Des accents plus inquiets encore se font entendre du côté de l’Imal, ce centre d’art dédié? aux cultures et technologies numériques qui vient tout juste de s’installer dans un nouveau bâtiment à Molenbeek. Son directeur, Yves Bernard, ne cache pas ses préoccupations: « Ce coup d’arrêt tombe très mal, après seulement deux jours d’ouverture. Je suis d’autant moins rassuré que nous avons reçu une lettre de la ministre de la Culture qui, comme c’est souvent le cas, ne dit pas un mot en ce qui concerne les centres d’art visuel. J’ai l’impression que nous sommes laissés pour compte. Tout se passe comme si l’on nous avait passé un fil autour de la patte juste au moment où nous nous apprêtions à déployer nos ailes. »
Quid de Kanal, le mégaprojet de musée d’art moderne et contemporain à Bruxelles? Yves Goldstein, cheville ouvrière, ne dissimule pas son désarroi face à une double incertitude: l’arrêt du chantier et la suspension de la seconde phase d’expérimentation qui devait être inaugurée début avril avec John M. Armleder en guise de tête d’affiche. « Devant moi, il y a plus de brouillard que de clarté. Des centaines de questions auxquelles je ne peux pas répondre. De plus, j’ai l’impression d’une chute de dominos à effet démultipliant, cette idée qu’il faudra plusieurs journées pour récupérer le moindre jour perdu.

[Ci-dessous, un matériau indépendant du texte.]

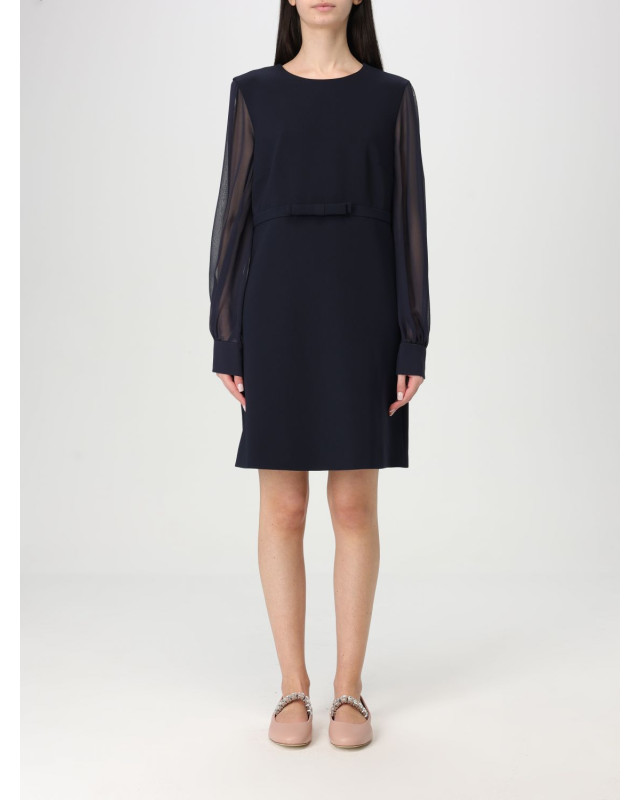 [MAX MARA STUDIO] Long sleeve dress FW25 2516221071600 005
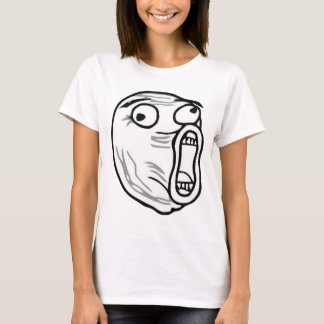 T-shirt lol-type grand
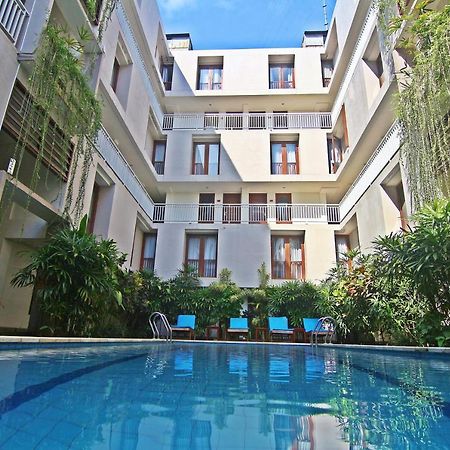 The Legian Sunset Residence Seminyak Eksteriør bilde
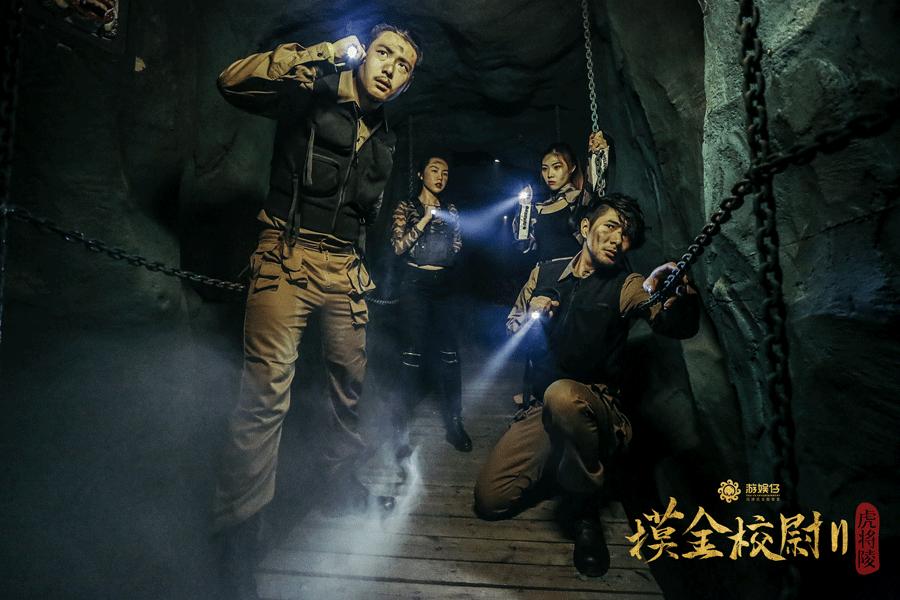 600块密室逃脱,699元密室逃脱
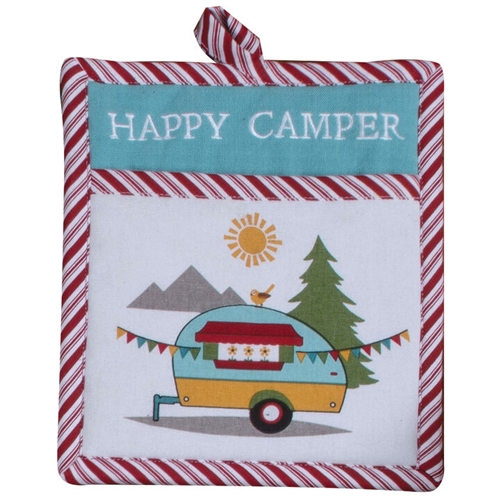 Kay Dee Designs R4182 Happy Camper Cooking Mitt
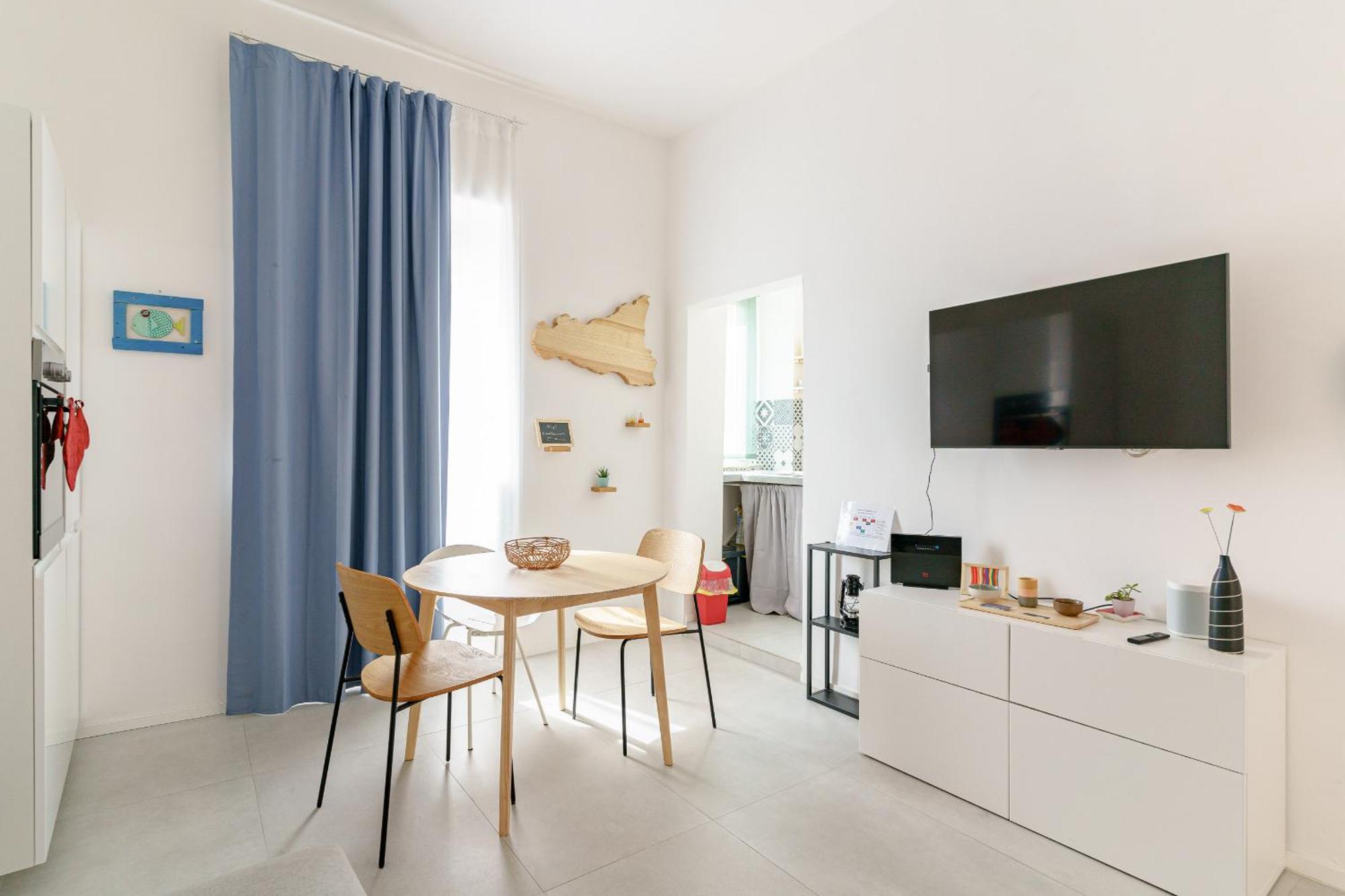 شقة Casa Ancora Townhouse كاتانيا المظهر الخارجي الصورة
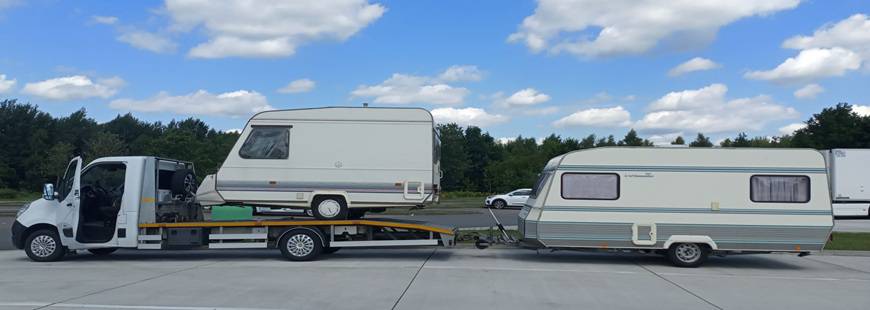 NL-PL CARAVANS Łukasz Nadbrzeski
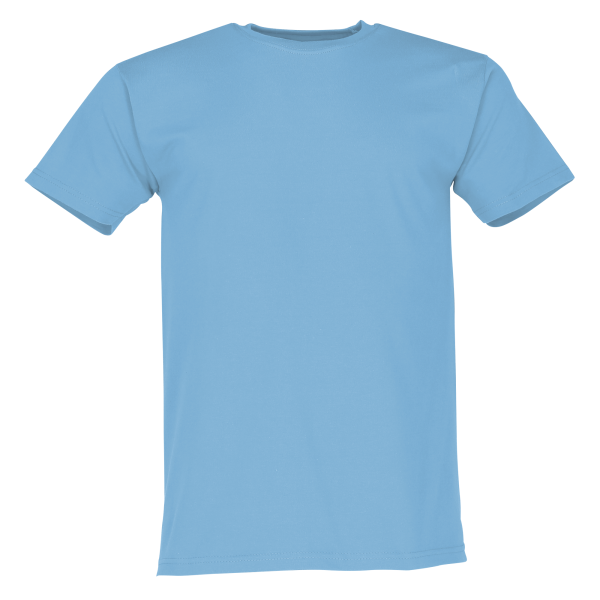 pastellblau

Bref, une course-poursuite vertigineuse qui en plus va avoir des conséquences lourdes sur la scène émergente avec laquelle nous travaillons. »
Positive et bien décidée à continuer sa mission de pédagogie, entre autres à travers des contenus diffusés sur les réseaux sociaux (une vision nécessaire pour se rappeler au bon souvenir des visiteurs potentiels que partagent les différents acteurs culturels qui doivent cependant veiller à un équilibre précaire dont la mise à mal serait contreproductive: le virtuel ne doit, en aucun cas, prendre le pas sur la confrontation physique avec l’oeuvre), Louma Salamé de la Fondation Boghossian, à Ixelles, pointe un futur dommage collatéral à ne pas négliger: « Il y a fort à parier que la plupart des événements vont être repoussés à septembre, cela va occasionner une saturation insensée préjudiciable au secteur. »
Observateur privilégié de la situation ayant une casquette double MIMA et Alice Gallery, c’est-à-dire musée et galerie, au coeur de la capitale, Raphaël Cruyt considère, lui, qu’il « sera sans doute plus facile pour les musées de s’en remettre ». « L’issue du confinement créera un appel d’air, les gens auront soif de sorties culturelles. En revanche, pour les marchands, cette période risque fort d’ébranler la confiance nécessaire à l’achat d’une oeuvre d’art. Le marché va se contracter pour plusieurs mois. Selon moi, 2020 est d’ores et déjà une année plombée« , affirme-t-il en guise de conclusion.